Herdering ist ein ehrlicher und fleißiger Fußballer, der sich entgegen vieler anderer Sportkameraden in diesem Bereich immer realistisch einschätzen konnte und deshalb auch nie den ganz großen Schritt ins Profibusiness gegangen ist. Zwar spielte er in der Jugend fünf Jahre für den SV Wehen/Wiesbaden und auch ein Jahr in der B-Jugend für den FSV Mainz 05, aber eine Verletzung und sein Realitätssinn brachten ihn zurück in die Heimatregion, wo er mit 17 Jahren in der Gruppenliga für den RSV Weyer deputierte.
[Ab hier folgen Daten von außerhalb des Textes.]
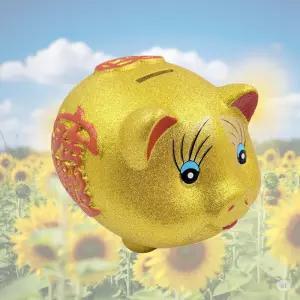 복을 불러주는 금돼지 세라믹 저통 (중형)소품 장식품 개업축하선물 집들이 새해 인테리어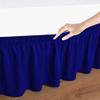 Wrap Around Bed Skirts Elastic Dust Ruffles, Easy Fit Wrinkle Free 800 Thread Count 100% Cotton Hotel Quality Bedskirt, 18 Inch Tailored Drop Royal Blue for Full Size Bed Skirt view 4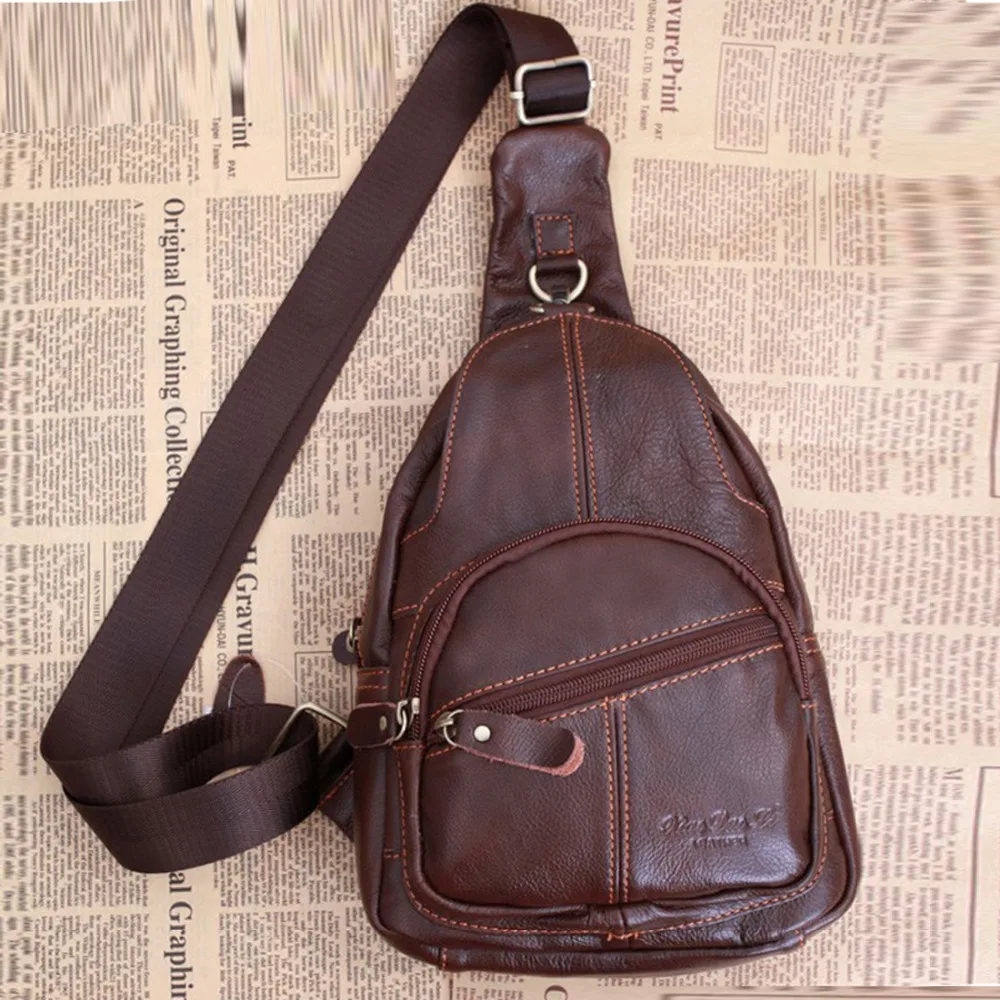 

Men Designer Genuine Leather Cowhide Vintage Messenger Shoulder Cross Body Travel Retro Sling Back Chest Bag Day Pack
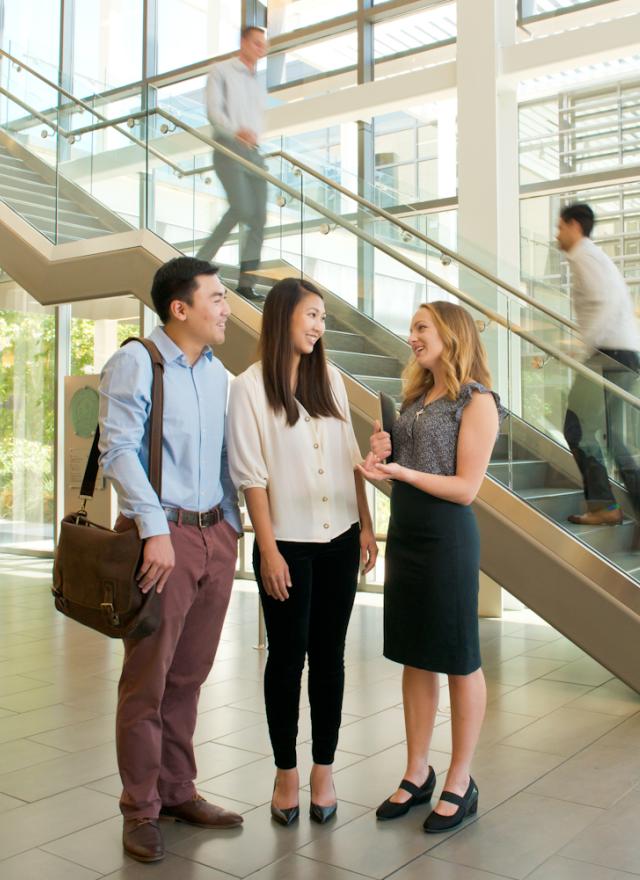 Students in Gallagher Hall Staircase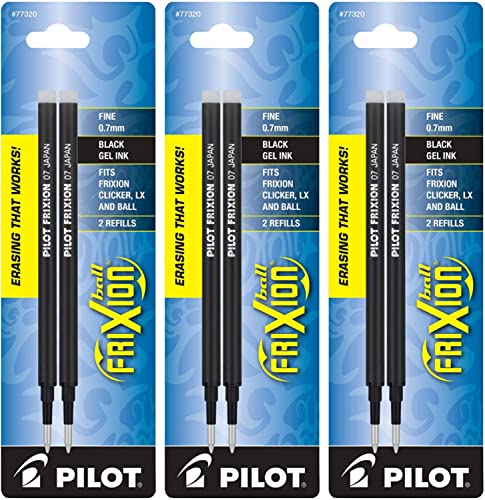Image of Pilot, FriXion Ball Gel Ink Refills for Erasable Pens, Fine Point 0.7 mm, Pack of 6 (3 Packs of 2), Black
Mit 19 zog er weiter nach Dorndorf, um mit 22 Jahren schließlich in der Fürstenstadt zu landen. Angebote hat es immer wieder gegeben, verrät er uns, aber „Hadamar und ich - das passt einfach in allen Bereichen gut zusammen“.

In seiner Zeit bei den Rot-Weißen hat der heutige Kapitän übrigens noch nie eine rote Karte gesehen – das ist bemerkenswert und verrät viel über seinen Charakter und die Art und Weise seines Spiels. Dass Jonas aufgrund seines anstrengenden Berufes mehr für sich und seinen Körper machen muss als andere, ist vielen nicht bewusst. Die Arbeit in der Backstube – wo er nicht selten 10 Stunden in der Nacht auf den Beinen ist – und der intensive Sport verlangen ihm viel ab, deswegen geht Jonas Herdering vor den Trainingseinheiten regelmäßig noch ins Fitnessstudio. „Krafttraining ist gerade für meinen Rücken sehr wichtig“. Auch Ernährung ist für den Bäckermeister ein zentrales Thema, allerdings nicht im übertriebenen Sinne – auf seinen geliebten Mohnkuchen kann er nur schwer verzichten.

Der immense Aufwand im Job und im Sport lässt wenig Zeit für Freizeit übrig – Freundin und Hund kommen oft zu kurz, die Freunde und alten Kumpels sowieso. Die meisten Freundschaften pflegt er ohnehin mit Teamkameraden, denn trotz der hohen Fluktuation im Hessenliga-Team, ist der Kern der Truppe stets zusammengeblieben. „Die Zeit, die habe, muss ich brutal effektiv nutzen“, sagt er und verblüfft mit der Aussage, dass er erst einmal in seinem Leben auf einem Musik-Konzert war. Noch mehr überrascht, dass der Bayern-Sympathisant erst drei oder viermal ein Fußball-Spiel im Stadion besucht hat. In München bei „seinen“ Bayern war er dabei noch nie. Dafür ist er sonntags, an seinem einzigen freien Tag in der Woche, gerne mal auf den Sportplätzen der Region unterwegs und schaut ehemaligen Mannschaftskameraden zu. Das lässt sich der sympathische und erfolgreiche Fußball-Bäcker nicht nehmen.